For \(k=0\), the statement holds trivially. Assume relation \eqref{eq:bernstein} holds for \(k\ge 0\).
We now prove the claim for \(k+1\). Using the divergence theorem , we deduce
\begin{align*} \langle \nabla^{k+1} u, \nabla^{k+1} u\rangle_{L^2(\mathbb{S}^d_R)}^2 &= \int_{\mathbb{S}^d_R} \langle \nabla^{k+1} u, \nabla^{k+1} u\rangle_g \,dV_g \\ &=-\langle \div (\nabla^{k+1} u), \nabla^k u\rangle_{L^2(\mathbb{S}^d_R)}. \end{align*}We derive a local estimate of \(\langle \div (\nabla^{k+1} u), \nabla^{k} u\rangle_g\). Let \(u_{i_1\cdots i_{k+2}}\) denote the local representation of \(\nabla^{k+2} u\). Then,
\[ u_{i_1\cdots i_{k}p}{}^p\quad \text{and}\quad u_{i_1\cdots i_kp}{}^p u^{i_1\cdots i_k} \]are local representations of \(\div (\nabla^{k+1} u)\) and \(\langle \div (\nabla^k u), \nabla^k u\rangle_g\), respectively. The summation convention implies summation over corresponding indices, and indices are raised via musical isomorphisms .

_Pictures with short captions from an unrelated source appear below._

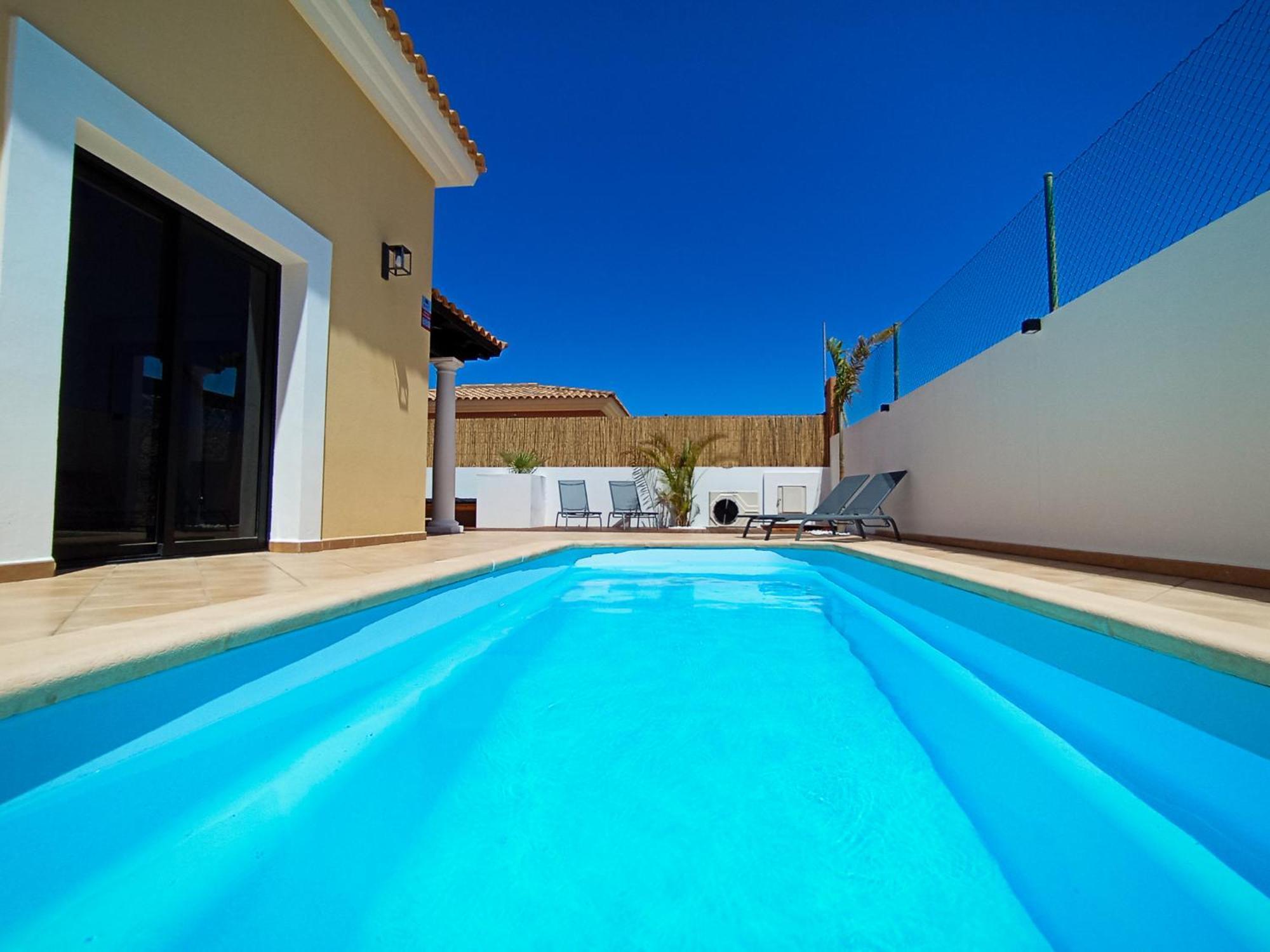 Surf Dream Villa *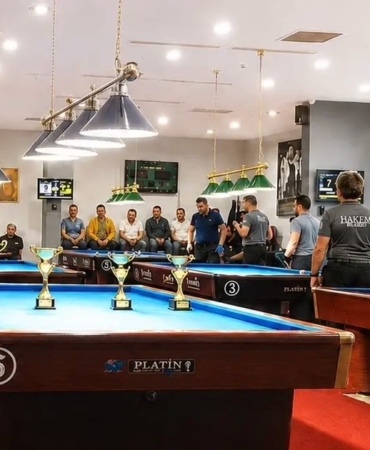 assimde-11-masa-7-yillik-bilardo-hikayesi-mBysM1ml.jpg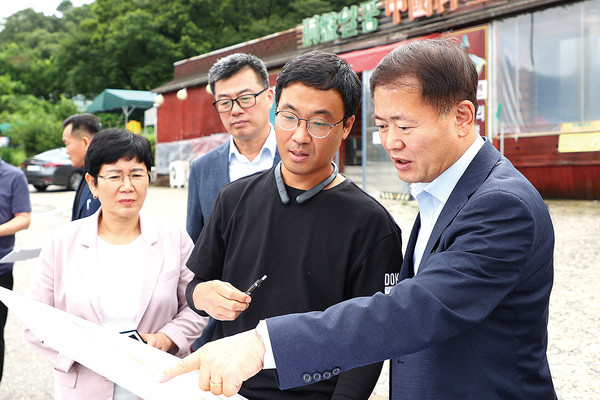 김영수 의왕부시장이 5일 주요 공약사업 현장을 방문해 진행 상황을 점검하고 있다. (사진제공=의왕시청)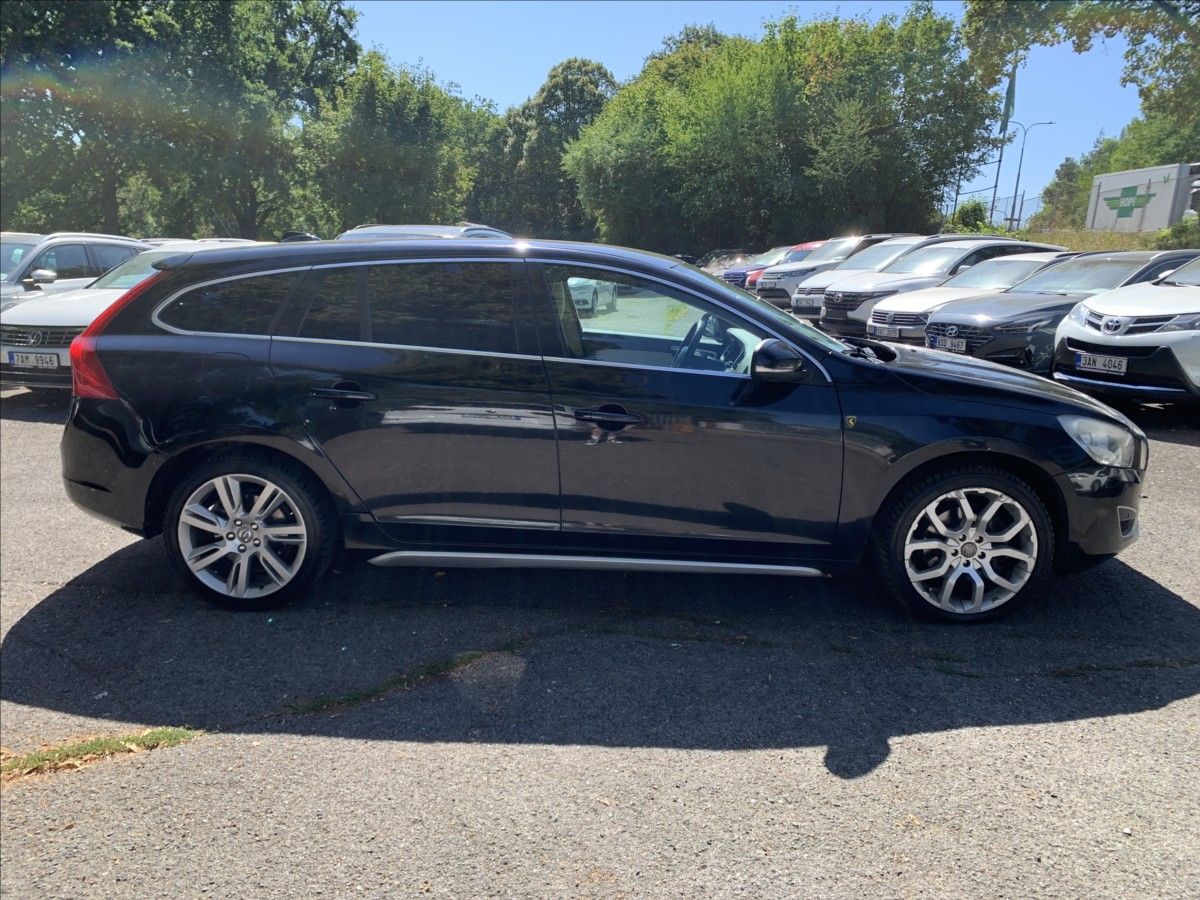 Volvo V60, 2,4 D - fotka 4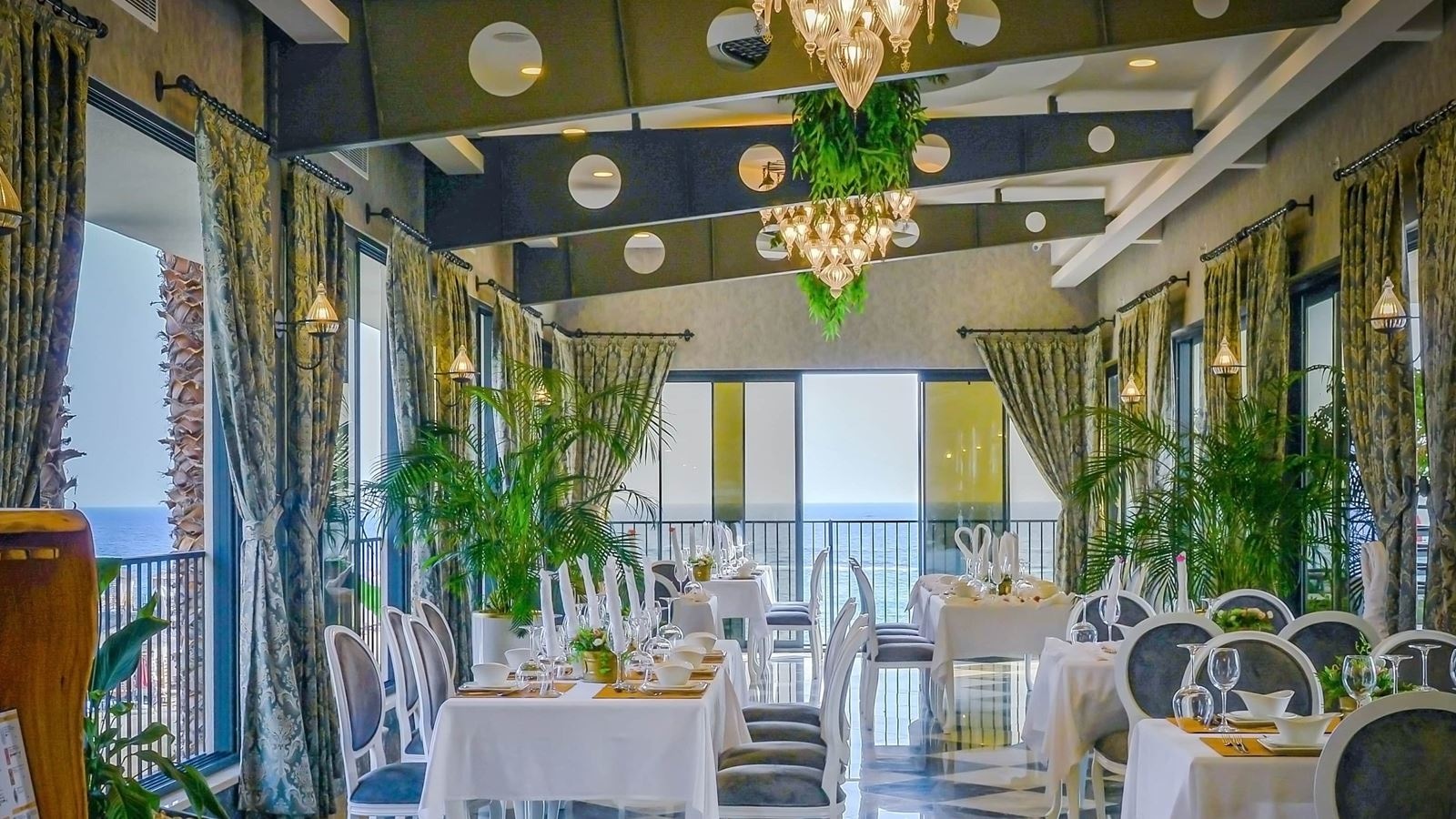 restaurants-ala-carte-restaurant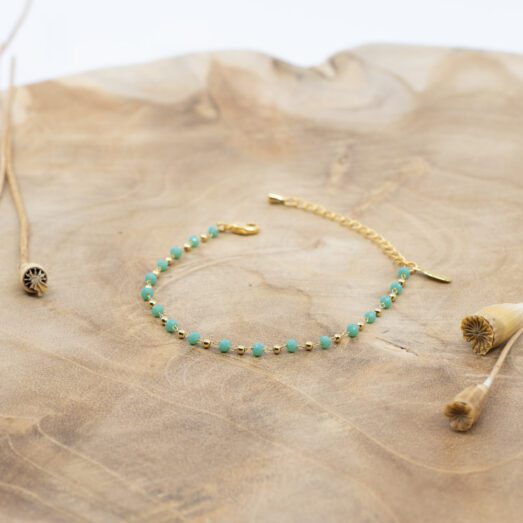 Armband aus 24k vergoldetem Messing mit türkisfarbigen Perlen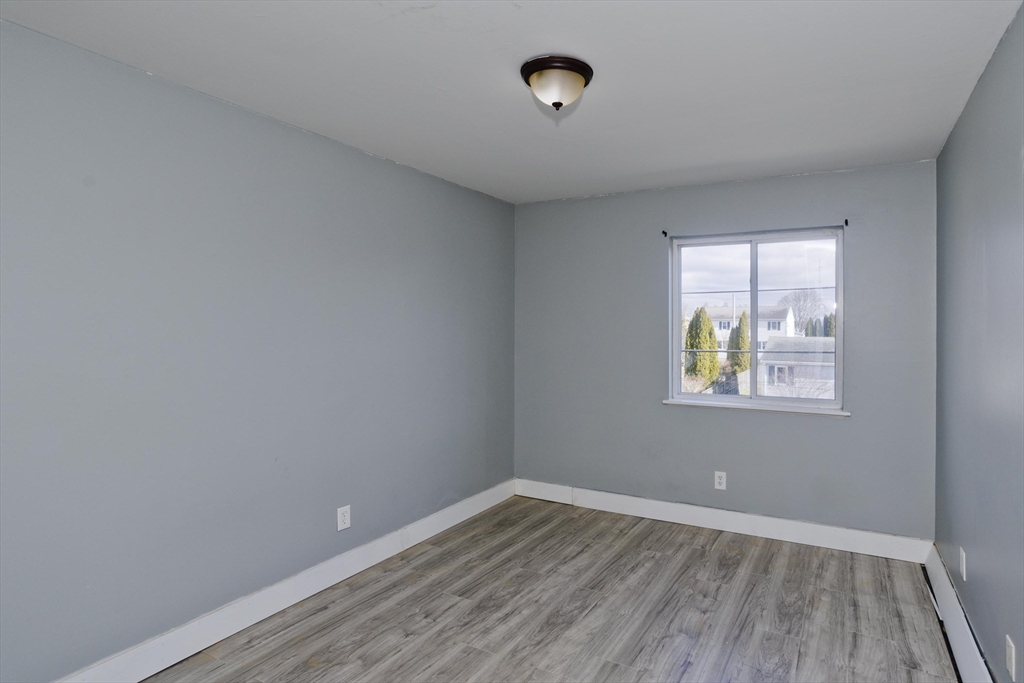 239 Glasgow Street, Unit 10 Fall River, MA 02721 - Photo 16 of 24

By the Ricci identity and the fact, that the curvature tensor of \(\mathbb{S}^d_R\) is covariantly constant,
\begin{equation}\label{eq:div} \begin{aligned} u_{i_1 \cdots i_k p}{}^{p} &= (\Delta u)_{i_1 \cdots i_k} + \sum_{s=1}^{k} \Bigl( R_{i_s p}{}^{pm} \, u_{i_1 \cdots i_{s-1} m\, i_{s+1} \cdots i_k} + \\ &\quad +2 \sum_{r < s} R_{i_s}{}^p{}_{i_r}{}^m \, u_{i_1 \cdots i_{r-1} m\, i_{r+1} \cdots i_{s-1} p\, i_{s+1} \cdots i_k}\Bigr), \end{aligned} \end{equation}where \(R_{ijkl}\) and \((\Delta u)_{i_1\cdots i_k}\) denote the Riemann curvature endomorphism and \(\nabla^k (\Delta u)\) in local coordinates, respectively (see (0x68dce40d) ).
Since \(R_{i_sp}{}^{pm}=R_{i_s}{}^m\), where \(R_{ij}\) is the Ricci curvature in local coordinates, and
\[ R_{ij} = \frac{d-1}{R^2} g_{ij} \]on the sphere \(\mathbb{S}^d_R\), where \(g_{ij}\) denotes the metric tensor, it follows that
\begin{equation}\label{eq:ricci} R_{i_s p}{}^{pm} \, u_{i_1 \cdots i_{s-1} m\, i_{s+1} \cdots i_k} u^{i_1\cdots i_k} = \frac{d-1}{R^2} u_{i_1\cdots i_k}u^{i_1\cdots i_k}. \end{equation}Since
\[ R_{i j k l} = \frac{1}{R^2} \big( g_{i l} g_{j k} - g_{i k} g_{j l} \big) \]on the sphere \(\mathbb{S}^d_R\), we deduce
\begin{align*} R_{i_s}{}^p{}_{i_r}{}^m \, u_{i_1 \cdots i_{l-1} m\, i_{l+1} \cdots i_{s-1} p\, i_{s+1} \cdots i_k} \, u^{i_1\cdots i_k} = \frac{1}{R^2} ( u_{i_1 \cdots i_{r-1}\, i_s\, i_{r+1} \cdots i_{s-1}\,i_r\, i_{s+1} \cdots i_k} \, u^{i_1\cdots i_k} + \\ + u_{i_1 \cdots i_{r-1} \,p\, i_{r+1} \cdots i_{s-1}}{}^p{}_{ i_{s+1} \cdots i_k} \, u^{i_1 \cdots i_{r-1} \,m\, i_{r+1} \cdots i_{s-1}}{}_m{}^{ i_{s+1} \cdots i_k} ). \end{align*}The right-hand side is the local representation of
\[ \frac{1}{R^2} \bigl( \langle S_{rs}(\nabla^k u), \nabla^k u\rangle_g + \langle T_{rs} (\nabla^k u), T_{rs}(\nabla^k u)\rangle_g \bigr), \]where \(S_{rs}\) and \(T_{rs}\) denote the switch operator and the trace operator with respect to the \(r\)-th and \(s\)-th index.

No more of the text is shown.